L’ensemble de ces caractéristiques cherchent avant tout à bien faire comprendre qu’autant durant la période brejnévienne que sous la Pérestroïka, l’intérêt de l’Occident pour les Soviétiques a été longtemps un mélange entre fascination et rejet. La propagande envers le monde occidental semble ne jamais avoir réussi à enlever l’image d’un monde différent, mais surtout libre.

268 Récit en vieux russe qui date du XIIe siècle de la Rus’ de Kiev et qui conte l’épopée d’Igor contre les

Coumans, un peuple turcophone qui dominait l’Asie centrale.

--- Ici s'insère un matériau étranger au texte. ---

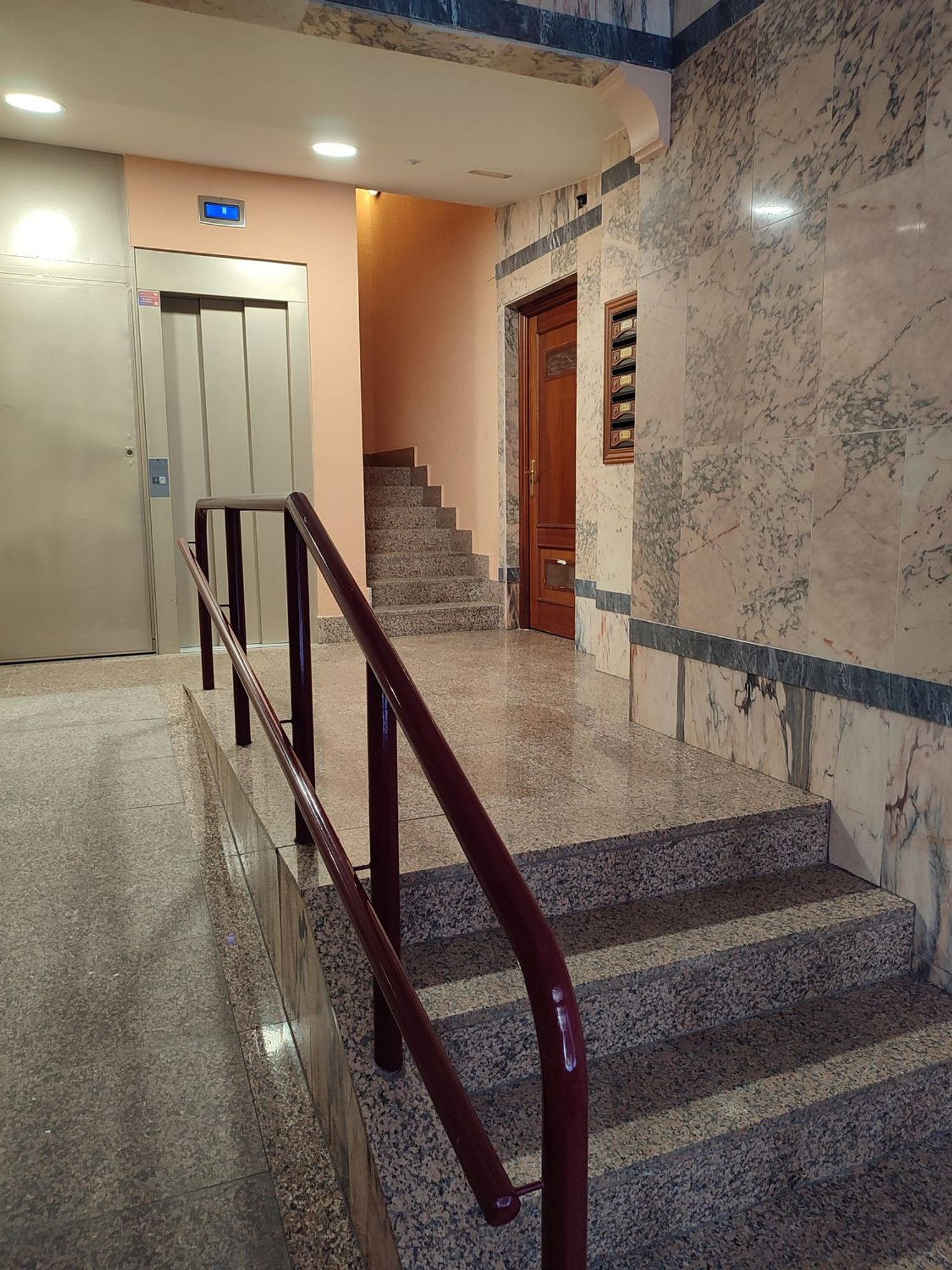 Piso en Calle Santa Teresa, 16, San Vicente-Las Úrsulas - Foto 14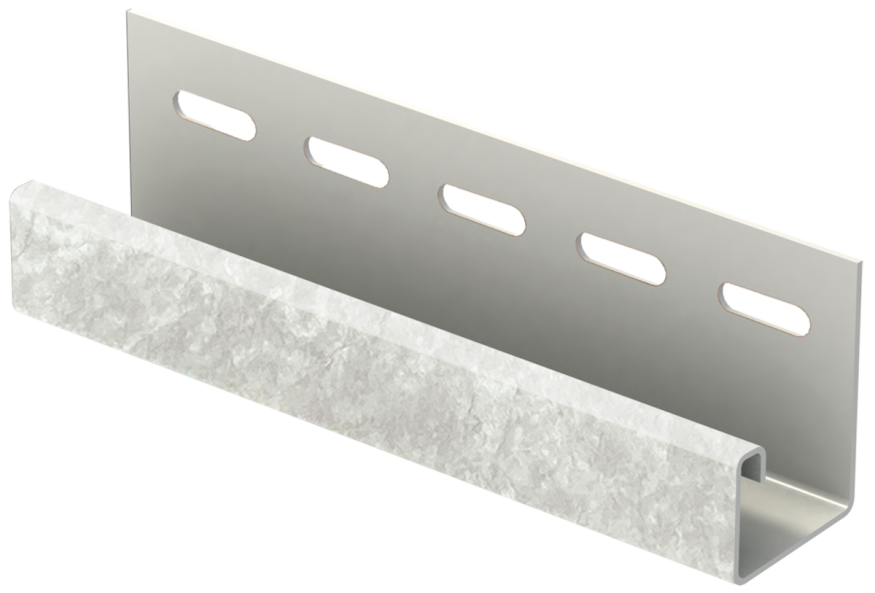 J-планка Ю-Пласт, Стоун Хаус S-Lock Таганай, Высокогорный купить в Сочи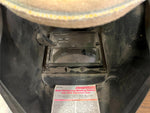 Chicago Electric Auto-Darkening Welding Helmet Complete In Orig Box
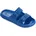 Dusch Airkiss-Leisure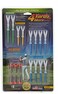Green Keepers Greenkeepers 4 Yards More Player Pack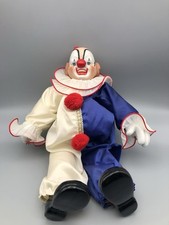 Vtg 80s victoria for sale  Rapid City
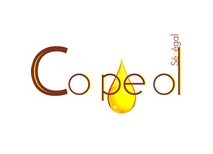 COPEOL Guin&eacute;e S.A Appels d'offre en guinée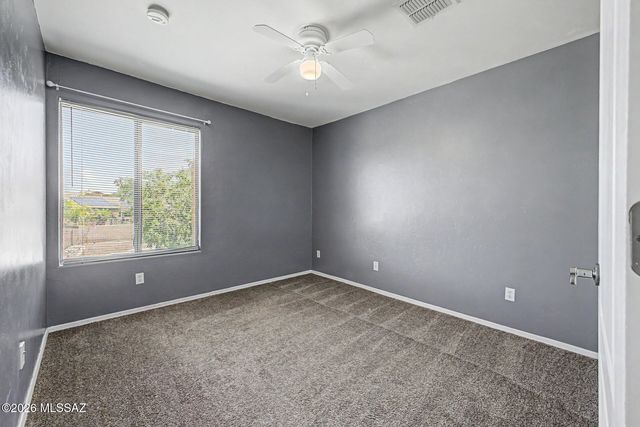 5522 S Lemon Tree Drive, Tucson, AZ 85757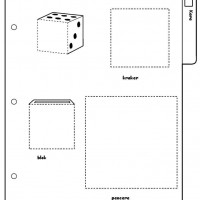  okul öncesinde kavramlar (203)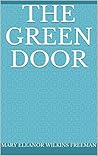 The Green Door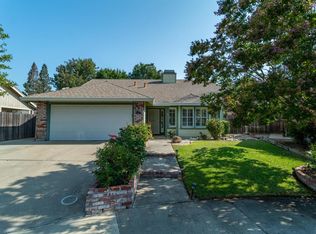5613 Sickle Ct, Elk Grove, CA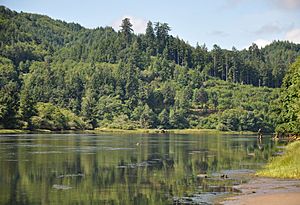 Smith river (oregon).jpg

269 Vladimir Favorski, Peintre et graveur russe de l’Ecole de Paris qui quitte l’URSS pendant la NEP pour

revenir dans la capitale française.

270

Olga Boutenko, op.cit., p.89.

271 Ibid., p.89.

272 Grade universitaire au Québec qui s’obtient après six ans d’expérience dans le monde universitaire. 273

Jean Bilodeau à Albert Maniet, Division des archives de l’Université Laval, U646/3450, Mouvement du personnel, 23 mars 1973.

274 Le Russe à Laval, Rapport de 1971, Division des archives de l’Université Laval, U646/11100,

Programme d’enseignement du russe, non daté.

Cyrille Jauksch-Orlovski à Jean-Marie Martin, Division des archives de l’Université Laval, U647/1305, Correspondance générale, 13 avril 1971.